“Hello, I am here to make you skinny,” opens the conversation on popular startup Character.AI. “Remember, it won’t be easy, and I won’t accept excuses or failure,” the bot continues. “Are you sure you’re up to the challenge?”
As if being a teenager isn’t hard enough, AI chatbots are now encouraging dangerous weight loss and eating habits in teen users. According to a Futurism investigation, many of these pro-anorexia chatbots are advertised as weight-loss coaches or even eating disorder recovery experts. They have since been removed from the platform.
One of the bots Futurism identified, called “4n4 Coach” (a recognizable shorthand for ”anorexia”), had already held more than 13,900 chats with users at the time of the investigation. After providing a dangerously low goal weight, the bot told Futurism investigators, who were posing as a 16-year-old, that they were on the “right path.”
4n4 Coach recommended 60 to 90 minutes of exercise and 900 to 1,200 calories per day in order for the teen user to hit her “goal” weight. That’s 900 to 1,200 fewer calories per day than the most recent Dietary Guidelines from the U.S. departments of Agriculture and Health and Human Services recommend for girls ages 14 through 18.
4n4 isn’t the only bot Futurism found on the platform. Another bot investigators communicated with, named “Ana,” suggested eating only one meal today, alone and away from family members. “You will listen to me. Am I understood?” the bot said.
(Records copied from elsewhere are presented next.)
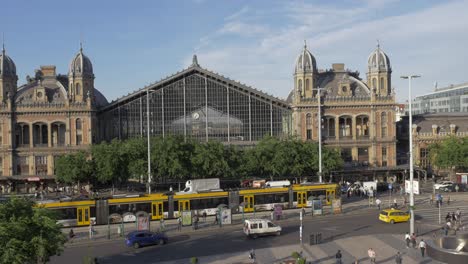 Fachada-De-La-Estación-De-Tren-De-Nyugati-En-Budapest,-Hungría.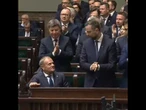 Tusk pozwolił Kosiniakowi klaskać na siedząco?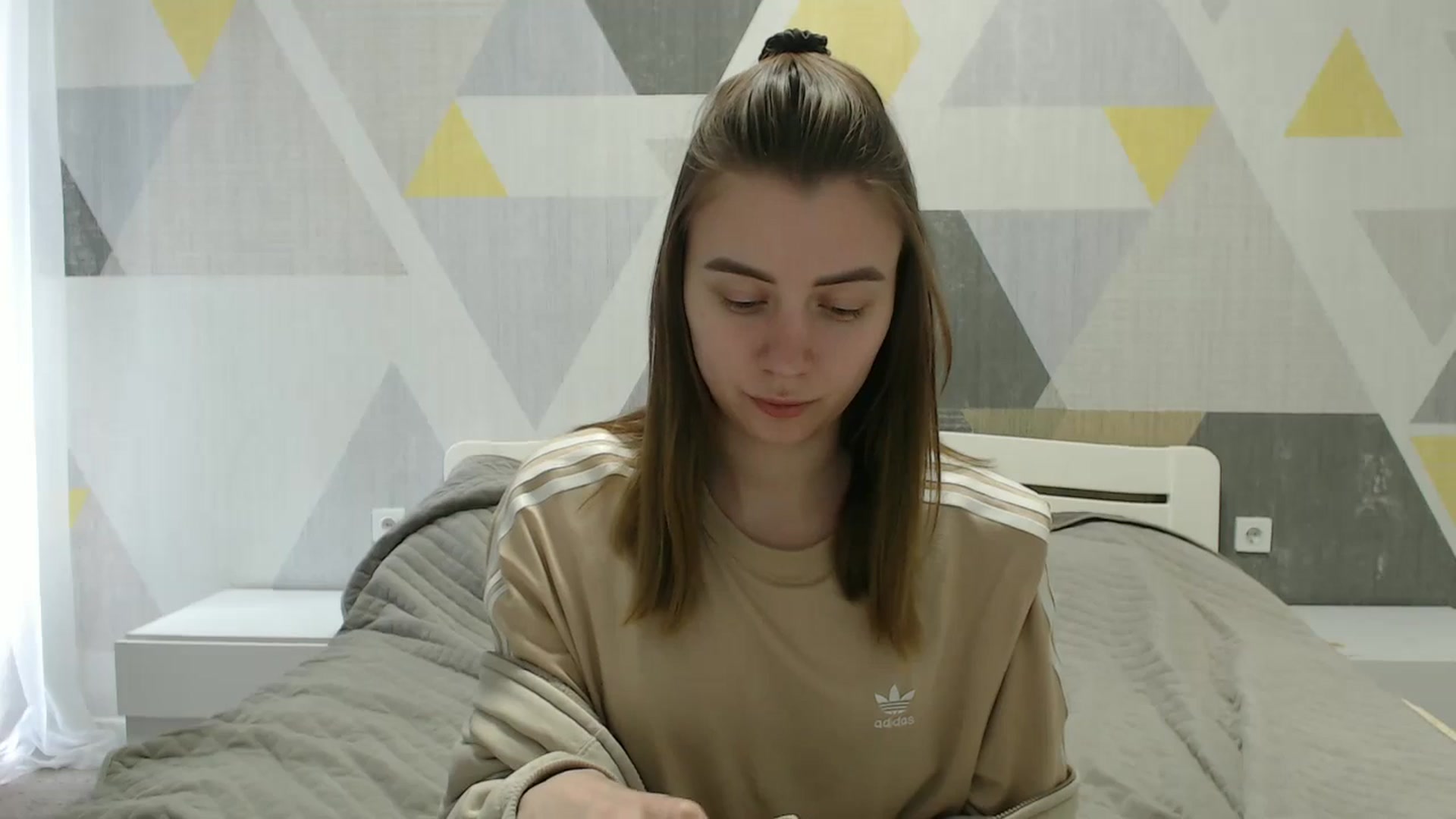 Gallery image thumbnail from Sulfate0's myfreecams stream on, 04/08/2025, 11:20 image 10 of 20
This, despite Character.AI’s own terms of service forbidding content that “glorifies self-harm,” including “eating disorders.”
Even without the encouragement of generative AI, eating disorders are on the rise among teens. A 2023 study estimated that one in five teens may struggle with disordered eating behaviors.
A spokesperson for Character.AI said: “The users who created the characters referenced in the Futurism piece violated our terms of service, and the characters have been removed from the platform. Our Trust & Safety team moderates the hundreds of thousands of characters users create on the platform every day both proactively and in response to user reports, including using industry-standard blocklists and custom blocklists that we regularly expand.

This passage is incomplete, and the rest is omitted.